_THE RECORDS_:
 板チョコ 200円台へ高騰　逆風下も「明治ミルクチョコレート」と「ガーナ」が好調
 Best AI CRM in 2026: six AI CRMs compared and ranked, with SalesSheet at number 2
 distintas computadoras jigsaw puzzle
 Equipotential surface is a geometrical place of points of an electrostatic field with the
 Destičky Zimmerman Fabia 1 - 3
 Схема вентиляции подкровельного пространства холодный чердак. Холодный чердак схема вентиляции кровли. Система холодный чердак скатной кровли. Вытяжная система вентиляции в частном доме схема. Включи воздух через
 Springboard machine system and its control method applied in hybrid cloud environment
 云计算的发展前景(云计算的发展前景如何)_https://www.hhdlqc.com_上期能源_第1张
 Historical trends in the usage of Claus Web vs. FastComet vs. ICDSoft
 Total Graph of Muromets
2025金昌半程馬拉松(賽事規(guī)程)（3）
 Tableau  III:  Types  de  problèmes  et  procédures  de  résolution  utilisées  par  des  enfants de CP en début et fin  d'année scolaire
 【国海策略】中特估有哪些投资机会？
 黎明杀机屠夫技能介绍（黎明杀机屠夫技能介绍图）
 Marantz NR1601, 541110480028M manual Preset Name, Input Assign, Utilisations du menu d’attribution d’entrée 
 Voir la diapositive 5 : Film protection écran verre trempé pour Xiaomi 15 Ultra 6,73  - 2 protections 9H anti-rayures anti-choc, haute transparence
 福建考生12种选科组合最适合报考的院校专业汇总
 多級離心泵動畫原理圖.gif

_WORK TO BE COMPLETED_:
After locating the line that contains "enfants de CP", output it and the remaining lines of the material above, exactly as they read.

_RESPONSE BOX_:
 Tableau  III:  Types  de  problèmes  et  procédures  de  résolution  utilisées  par  des  enfants de CP en début et fin  d'année scolaire
 【国海策略】中特估有哪些投资机会？
 黎明杀机屠夫技能介绍（黎明杀机屠夫技能介绍图）
 Marantz NR1601, 541110480028M manual Preset Name, Input Assign, Utilisations du menu d’attribution d’entrée 
 Voir la diapositive 5 : Film protection écran verre trempé pour Xiaomi 15 Ultra 6,73  - 2 protections 9H anti-rayures anti-choc, haute transparence
 福建考生12种选科组合最适合报考的院校专业汇总
 多級離心泵動畫原理圖.gif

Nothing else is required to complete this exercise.